Demand- and supply-side determinants of diphtheria-pertussis-tetanus nonvaccination and dropout in rural India

Research Area:
Type: Article

The Question

CDDEP Director Ramanan Laxminarayan and co-author Arpita Ghosh have analyzed the factors in India associated with both DPT nonvaccination and DPT vaccination dropouts—children who received only one or two doses, but not all three. 

The study, published in Vaccine, looked at “demand-side factors”—mainly family characteristics, and “supply-side factors”—related mainly to healthcare access associated with both nonvaccination and vaccination dropouts.

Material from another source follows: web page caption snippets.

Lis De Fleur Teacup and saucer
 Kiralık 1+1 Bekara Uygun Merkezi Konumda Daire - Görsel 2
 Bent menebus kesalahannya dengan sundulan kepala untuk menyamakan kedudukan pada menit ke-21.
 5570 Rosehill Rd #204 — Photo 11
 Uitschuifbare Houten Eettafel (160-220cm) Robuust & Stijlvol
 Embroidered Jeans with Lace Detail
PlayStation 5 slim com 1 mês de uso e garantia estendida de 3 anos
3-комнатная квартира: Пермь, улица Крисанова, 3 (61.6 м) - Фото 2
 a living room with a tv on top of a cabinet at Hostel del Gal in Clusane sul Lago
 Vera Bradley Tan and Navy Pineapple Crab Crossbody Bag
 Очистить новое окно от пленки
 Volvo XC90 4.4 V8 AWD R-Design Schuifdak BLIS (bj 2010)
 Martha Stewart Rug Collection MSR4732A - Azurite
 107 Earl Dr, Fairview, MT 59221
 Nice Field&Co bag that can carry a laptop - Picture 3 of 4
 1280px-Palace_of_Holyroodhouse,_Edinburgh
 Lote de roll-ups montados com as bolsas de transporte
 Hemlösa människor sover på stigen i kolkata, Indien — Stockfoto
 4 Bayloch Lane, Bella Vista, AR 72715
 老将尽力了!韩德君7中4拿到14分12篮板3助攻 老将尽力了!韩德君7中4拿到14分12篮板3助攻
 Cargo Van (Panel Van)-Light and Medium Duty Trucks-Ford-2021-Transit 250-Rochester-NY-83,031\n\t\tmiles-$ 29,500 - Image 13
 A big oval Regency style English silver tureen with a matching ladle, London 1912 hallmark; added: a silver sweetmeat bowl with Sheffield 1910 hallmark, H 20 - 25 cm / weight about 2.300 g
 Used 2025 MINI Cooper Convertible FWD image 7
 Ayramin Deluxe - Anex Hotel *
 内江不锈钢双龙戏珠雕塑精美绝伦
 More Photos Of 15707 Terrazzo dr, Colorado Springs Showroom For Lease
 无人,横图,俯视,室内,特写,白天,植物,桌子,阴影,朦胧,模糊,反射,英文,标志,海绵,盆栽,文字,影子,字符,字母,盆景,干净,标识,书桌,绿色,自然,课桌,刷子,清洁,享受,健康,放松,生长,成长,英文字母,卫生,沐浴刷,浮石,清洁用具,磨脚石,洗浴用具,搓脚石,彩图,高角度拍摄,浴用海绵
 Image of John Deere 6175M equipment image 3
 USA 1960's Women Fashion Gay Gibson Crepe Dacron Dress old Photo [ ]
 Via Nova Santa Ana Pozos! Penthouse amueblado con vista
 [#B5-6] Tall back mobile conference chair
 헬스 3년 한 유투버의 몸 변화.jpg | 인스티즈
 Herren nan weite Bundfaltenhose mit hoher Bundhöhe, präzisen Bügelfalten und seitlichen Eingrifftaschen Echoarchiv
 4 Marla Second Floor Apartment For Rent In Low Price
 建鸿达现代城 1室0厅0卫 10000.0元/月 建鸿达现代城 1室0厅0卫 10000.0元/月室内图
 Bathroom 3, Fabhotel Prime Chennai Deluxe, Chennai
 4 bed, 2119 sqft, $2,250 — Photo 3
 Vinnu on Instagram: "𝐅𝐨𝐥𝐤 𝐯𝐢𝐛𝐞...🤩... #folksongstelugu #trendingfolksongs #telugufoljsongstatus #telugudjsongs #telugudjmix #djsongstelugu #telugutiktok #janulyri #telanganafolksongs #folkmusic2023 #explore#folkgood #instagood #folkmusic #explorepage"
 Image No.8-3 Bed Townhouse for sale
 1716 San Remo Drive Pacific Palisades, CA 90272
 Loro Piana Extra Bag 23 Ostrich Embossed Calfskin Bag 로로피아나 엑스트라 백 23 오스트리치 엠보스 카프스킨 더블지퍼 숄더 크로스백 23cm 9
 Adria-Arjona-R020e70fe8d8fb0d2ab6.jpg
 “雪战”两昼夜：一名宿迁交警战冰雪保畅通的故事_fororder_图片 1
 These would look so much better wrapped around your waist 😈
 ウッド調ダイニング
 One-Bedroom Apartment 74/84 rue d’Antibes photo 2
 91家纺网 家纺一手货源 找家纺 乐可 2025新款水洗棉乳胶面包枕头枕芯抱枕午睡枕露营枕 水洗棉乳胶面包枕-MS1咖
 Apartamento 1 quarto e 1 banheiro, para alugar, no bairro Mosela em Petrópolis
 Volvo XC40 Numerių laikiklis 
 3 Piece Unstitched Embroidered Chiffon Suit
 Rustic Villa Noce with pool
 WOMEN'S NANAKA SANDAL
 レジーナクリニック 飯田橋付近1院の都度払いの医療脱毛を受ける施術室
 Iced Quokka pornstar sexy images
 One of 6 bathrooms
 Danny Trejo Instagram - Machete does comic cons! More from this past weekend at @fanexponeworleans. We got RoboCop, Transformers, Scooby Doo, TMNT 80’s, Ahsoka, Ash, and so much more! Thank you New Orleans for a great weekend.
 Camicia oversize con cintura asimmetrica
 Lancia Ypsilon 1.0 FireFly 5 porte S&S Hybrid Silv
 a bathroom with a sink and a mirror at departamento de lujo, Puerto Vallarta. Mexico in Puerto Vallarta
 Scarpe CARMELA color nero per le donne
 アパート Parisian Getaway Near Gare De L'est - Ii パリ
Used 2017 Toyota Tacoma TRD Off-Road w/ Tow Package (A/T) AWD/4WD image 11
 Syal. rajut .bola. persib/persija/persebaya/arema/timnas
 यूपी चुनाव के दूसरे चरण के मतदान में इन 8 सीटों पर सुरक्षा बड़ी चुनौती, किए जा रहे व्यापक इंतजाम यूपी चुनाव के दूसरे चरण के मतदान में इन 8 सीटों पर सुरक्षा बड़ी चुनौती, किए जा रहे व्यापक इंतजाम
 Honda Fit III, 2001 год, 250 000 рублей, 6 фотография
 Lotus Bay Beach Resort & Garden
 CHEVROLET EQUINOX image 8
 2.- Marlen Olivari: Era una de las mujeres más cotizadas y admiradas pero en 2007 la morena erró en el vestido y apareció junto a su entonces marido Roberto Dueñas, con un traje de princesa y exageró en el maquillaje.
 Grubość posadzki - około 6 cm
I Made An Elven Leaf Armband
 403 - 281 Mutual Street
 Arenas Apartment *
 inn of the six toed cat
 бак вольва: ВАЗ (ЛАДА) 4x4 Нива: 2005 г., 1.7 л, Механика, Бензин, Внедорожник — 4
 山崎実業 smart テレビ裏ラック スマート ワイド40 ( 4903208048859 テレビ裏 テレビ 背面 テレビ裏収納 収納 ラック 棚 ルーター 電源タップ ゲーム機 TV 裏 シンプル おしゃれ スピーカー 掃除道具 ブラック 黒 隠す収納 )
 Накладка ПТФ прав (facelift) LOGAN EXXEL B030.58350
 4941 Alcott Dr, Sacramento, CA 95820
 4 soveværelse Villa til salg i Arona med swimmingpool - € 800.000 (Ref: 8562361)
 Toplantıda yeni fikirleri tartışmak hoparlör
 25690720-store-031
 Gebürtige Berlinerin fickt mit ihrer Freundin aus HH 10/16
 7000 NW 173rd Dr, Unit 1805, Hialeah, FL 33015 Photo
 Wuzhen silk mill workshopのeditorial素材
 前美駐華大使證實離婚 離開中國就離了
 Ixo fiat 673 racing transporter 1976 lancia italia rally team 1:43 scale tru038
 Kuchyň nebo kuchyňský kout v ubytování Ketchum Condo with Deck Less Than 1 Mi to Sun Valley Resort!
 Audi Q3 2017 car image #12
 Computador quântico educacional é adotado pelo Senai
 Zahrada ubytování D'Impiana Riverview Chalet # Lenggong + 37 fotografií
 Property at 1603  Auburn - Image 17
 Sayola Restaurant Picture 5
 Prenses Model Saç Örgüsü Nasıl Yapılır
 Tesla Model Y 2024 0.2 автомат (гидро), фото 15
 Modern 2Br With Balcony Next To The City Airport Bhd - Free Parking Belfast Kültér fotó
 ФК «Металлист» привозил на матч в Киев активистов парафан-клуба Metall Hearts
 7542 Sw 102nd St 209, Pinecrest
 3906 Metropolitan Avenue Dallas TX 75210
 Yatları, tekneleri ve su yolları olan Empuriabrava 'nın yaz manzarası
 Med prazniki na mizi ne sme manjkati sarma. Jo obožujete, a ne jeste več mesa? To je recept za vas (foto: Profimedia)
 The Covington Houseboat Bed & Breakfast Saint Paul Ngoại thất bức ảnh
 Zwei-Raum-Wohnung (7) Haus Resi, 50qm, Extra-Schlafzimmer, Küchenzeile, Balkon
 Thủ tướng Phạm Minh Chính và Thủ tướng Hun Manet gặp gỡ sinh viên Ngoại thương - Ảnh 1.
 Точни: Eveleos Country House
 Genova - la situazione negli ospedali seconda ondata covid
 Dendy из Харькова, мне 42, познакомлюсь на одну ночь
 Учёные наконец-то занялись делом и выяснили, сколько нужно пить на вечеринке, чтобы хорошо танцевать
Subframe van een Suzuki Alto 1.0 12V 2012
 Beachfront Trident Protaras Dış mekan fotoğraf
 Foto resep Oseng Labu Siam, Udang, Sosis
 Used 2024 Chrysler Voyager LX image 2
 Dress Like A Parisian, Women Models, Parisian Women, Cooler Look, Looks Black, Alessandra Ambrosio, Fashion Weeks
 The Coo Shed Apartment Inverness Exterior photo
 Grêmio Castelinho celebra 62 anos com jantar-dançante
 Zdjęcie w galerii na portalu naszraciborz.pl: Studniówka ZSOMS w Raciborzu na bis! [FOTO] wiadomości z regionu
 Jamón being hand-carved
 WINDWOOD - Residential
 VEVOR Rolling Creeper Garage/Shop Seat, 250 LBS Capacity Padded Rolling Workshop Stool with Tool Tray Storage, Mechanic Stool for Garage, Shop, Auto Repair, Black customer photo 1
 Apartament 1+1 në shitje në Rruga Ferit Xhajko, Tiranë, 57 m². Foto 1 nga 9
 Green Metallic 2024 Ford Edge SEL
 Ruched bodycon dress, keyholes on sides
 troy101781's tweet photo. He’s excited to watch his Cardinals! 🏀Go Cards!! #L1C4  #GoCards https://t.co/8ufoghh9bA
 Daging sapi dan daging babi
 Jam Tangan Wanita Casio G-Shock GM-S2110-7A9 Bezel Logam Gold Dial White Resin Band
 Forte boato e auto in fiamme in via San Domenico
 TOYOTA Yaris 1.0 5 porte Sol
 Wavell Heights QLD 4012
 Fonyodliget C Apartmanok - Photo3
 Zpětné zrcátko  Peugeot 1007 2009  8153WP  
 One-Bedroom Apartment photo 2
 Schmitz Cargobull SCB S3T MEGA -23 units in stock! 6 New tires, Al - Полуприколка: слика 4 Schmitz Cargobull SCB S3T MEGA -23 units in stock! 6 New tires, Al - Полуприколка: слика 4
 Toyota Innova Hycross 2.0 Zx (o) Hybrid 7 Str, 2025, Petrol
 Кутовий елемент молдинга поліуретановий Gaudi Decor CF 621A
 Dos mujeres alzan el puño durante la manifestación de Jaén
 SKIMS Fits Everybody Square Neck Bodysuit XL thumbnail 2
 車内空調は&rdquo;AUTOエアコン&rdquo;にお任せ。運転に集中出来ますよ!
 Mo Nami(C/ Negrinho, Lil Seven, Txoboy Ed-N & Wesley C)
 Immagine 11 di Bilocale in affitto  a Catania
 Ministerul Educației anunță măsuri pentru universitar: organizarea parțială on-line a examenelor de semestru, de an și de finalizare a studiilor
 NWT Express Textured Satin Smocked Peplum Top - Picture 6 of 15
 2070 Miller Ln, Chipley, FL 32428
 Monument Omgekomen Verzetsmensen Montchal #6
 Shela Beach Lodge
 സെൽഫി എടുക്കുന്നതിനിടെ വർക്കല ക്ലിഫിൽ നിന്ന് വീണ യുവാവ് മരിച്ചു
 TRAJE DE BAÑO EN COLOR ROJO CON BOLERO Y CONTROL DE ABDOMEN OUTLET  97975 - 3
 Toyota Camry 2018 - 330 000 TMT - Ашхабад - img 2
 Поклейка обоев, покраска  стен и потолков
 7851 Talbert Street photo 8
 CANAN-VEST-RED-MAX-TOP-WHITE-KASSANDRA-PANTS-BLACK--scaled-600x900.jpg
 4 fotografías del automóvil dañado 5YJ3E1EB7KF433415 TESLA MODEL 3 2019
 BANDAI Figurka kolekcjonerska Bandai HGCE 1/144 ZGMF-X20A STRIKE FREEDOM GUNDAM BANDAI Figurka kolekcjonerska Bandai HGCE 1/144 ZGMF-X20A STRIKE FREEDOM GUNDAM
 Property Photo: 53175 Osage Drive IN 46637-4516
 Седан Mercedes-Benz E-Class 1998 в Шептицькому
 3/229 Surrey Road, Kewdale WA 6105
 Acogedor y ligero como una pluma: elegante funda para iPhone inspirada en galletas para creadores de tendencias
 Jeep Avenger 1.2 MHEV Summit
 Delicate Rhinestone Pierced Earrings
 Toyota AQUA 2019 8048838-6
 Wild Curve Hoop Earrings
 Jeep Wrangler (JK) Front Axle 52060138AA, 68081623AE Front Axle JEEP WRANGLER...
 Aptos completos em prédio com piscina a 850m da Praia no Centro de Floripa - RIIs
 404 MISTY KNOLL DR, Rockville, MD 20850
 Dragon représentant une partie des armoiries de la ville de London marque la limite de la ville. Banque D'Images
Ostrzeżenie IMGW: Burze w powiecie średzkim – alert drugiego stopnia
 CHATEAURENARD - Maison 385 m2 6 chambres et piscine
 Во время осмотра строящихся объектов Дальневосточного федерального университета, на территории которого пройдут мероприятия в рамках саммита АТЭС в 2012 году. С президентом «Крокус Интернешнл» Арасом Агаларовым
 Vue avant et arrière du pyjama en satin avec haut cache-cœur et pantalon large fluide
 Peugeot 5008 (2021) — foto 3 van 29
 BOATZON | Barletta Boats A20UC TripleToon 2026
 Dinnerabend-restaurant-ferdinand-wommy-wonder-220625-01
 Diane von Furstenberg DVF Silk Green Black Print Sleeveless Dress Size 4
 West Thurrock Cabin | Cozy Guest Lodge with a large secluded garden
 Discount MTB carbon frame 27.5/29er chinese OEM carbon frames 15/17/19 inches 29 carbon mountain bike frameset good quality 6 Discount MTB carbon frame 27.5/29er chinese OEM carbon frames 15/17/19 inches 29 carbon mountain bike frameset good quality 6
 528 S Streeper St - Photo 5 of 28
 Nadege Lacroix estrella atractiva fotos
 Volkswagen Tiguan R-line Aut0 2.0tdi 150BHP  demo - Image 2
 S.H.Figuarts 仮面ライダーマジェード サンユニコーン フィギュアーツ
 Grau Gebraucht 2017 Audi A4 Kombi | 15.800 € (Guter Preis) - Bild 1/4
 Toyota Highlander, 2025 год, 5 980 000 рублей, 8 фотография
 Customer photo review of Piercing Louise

The study used data from more than 75,000 infants in villages across India, from the District Level Household and Facility Survey (DLHS-3), conducted during 2007-2008.

What we found

  • Children whose mothers had no schooling were 2 to 3 times more likely not to receive any DPT vaccination and 2.5 times more likely to drop out between doses one and three, compared with children whose mother had 10 or more years of schooling.
  • Children in districts where at least 46 percent of villages had a healthcare subcentre were 1.5 times more likely to receive at least one dose of DPT vaccine, compared with children in districts where 30 percent or fewer villages had subcentres.
  • Both types of factors affected vaccination rates, but demand-side factors—like parents’ level of education and household wealth—had a greater effect than supply-side factors, such as healthcare infrastructure.

Why it matters

According to author and CDDEP Director Ramanan Laxminarayan, “Knowing the contextual factors of nonvaccination and dropout is very important in forming effective policies to ensure children are vaccinated.”